Work instructions> Extract the lines from the first line of the records below through the line containing "10pcs/20pcs/30pcs Diamond Painting", inclusive, and reproduce them exactly as written.

-.-.-

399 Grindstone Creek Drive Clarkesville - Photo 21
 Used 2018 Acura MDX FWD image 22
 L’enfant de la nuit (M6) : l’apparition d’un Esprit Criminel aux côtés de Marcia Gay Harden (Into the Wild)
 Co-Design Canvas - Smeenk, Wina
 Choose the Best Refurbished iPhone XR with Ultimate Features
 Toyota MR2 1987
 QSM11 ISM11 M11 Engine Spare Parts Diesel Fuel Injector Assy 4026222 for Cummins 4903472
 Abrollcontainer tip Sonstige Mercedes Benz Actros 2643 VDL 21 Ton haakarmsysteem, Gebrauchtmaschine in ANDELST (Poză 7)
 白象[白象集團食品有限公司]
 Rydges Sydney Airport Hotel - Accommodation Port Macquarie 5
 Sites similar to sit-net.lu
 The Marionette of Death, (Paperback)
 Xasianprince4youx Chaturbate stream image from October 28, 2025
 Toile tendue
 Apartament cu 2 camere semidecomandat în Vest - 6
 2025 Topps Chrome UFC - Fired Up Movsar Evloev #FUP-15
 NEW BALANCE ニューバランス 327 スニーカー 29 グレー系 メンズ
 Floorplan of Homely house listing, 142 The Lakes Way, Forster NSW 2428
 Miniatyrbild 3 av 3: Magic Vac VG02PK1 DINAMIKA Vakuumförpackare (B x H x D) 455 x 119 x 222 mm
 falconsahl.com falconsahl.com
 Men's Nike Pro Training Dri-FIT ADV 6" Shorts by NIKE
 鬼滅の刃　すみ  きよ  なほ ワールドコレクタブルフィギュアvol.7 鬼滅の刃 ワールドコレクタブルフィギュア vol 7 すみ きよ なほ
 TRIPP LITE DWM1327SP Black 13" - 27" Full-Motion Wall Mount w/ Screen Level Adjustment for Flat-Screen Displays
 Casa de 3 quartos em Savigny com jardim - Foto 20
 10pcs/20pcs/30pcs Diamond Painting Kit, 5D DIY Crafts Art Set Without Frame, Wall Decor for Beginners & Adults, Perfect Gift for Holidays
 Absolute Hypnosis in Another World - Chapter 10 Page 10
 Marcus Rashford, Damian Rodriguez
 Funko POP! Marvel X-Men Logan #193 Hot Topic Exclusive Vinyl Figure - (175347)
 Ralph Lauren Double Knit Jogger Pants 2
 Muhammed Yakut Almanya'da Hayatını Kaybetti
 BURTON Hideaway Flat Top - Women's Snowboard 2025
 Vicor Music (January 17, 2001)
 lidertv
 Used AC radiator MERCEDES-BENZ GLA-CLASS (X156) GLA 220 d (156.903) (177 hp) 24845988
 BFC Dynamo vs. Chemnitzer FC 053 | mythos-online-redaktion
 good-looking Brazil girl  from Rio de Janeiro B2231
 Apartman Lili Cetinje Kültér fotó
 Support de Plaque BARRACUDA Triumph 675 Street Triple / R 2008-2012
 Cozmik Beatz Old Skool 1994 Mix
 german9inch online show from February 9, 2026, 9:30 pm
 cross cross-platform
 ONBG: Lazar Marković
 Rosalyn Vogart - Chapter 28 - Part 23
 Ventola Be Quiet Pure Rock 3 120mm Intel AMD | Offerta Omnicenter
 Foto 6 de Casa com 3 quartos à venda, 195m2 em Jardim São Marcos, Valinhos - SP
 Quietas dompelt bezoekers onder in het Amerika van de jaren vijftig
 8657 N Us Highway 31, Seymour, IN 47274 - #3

-.-.-

Your solution>
399 Grindstone Creek Drive Clarkesville - Photo 21
 Used 2018 Acura MDX FWD image 22
 L’enfant de la nuit (M6) : l’apparition d’un Esprit Criminel aux côtés de Marcia Gay Harden (Into the Wild)
 Co-Design Canvas - Smeenk, Wina
 Choose the Best Refurbished iPhone XR with Ultimate Features
 Toyota MR2 1987
 QSM11 ISM11 M11 Engine Spare Parts Diesel Fuel Injector Assy 4026222 for Cummins 4903472
 Abrollcontainer tip Sonstige Mercedes Benz Actros 2643 VDL 21 Ton haakarmsysteem, Gebrauchtmaschine in ANDELST (Poză 7)
 白象[白象集團食品有限公司]
 Rydges Sydney Airport Hotel - Accommodation Port Macquarie 5
 Sites similar to sit-net.lu
 The Marionette of Death, (Paperback)
 Xasianprince4youx Chaturbate stream image from October 28, 2025
 Toile tendue
 Apartament cu 2 camere semidecomandat în Vest - 6
 2025 Topps Chrome UFC - Fired Up Movsar Evloev #FUP-15
 NEW BALANCE ニューバランス 327 スニーカー 29 グレー系 メンズ
 Floorplan of Homely house listing, 142 The Lakes Way, Forster NSW 2428
 Miniatyrbild 3 av 3: Magic Vac VG02PK1 DINAMIKA Vakuumförpackare (B x H x D) 455 x 119 x 222 mm
 falconsahl.com falconsahl.com
 Men's Nike Pro Training Dri-FIT ADV 6" Shorts by NIKE
 鬼滅の刃　すみ  きよ  なほ ワールドコレクタブルフィギュアvol.7 鬼滅の刃 ワールドコレクタブルフィギュア vol 7 すみ きよ なほ
 TRIPP LITE DWM1327SP Black 13" - 27" Full-Motion Wall Mount w/ Screen Level Adjustment for Flat-Screen Displays
 Casa de 3 quartos em Savigny com jardim - Foto 20
 10pcs/20pcs/30pcs Diamond Painting Kit, 5D DIY Crafts Art Set Without Frame, Wall Decor for Beginners & Adults, Perfect Gift for Holidays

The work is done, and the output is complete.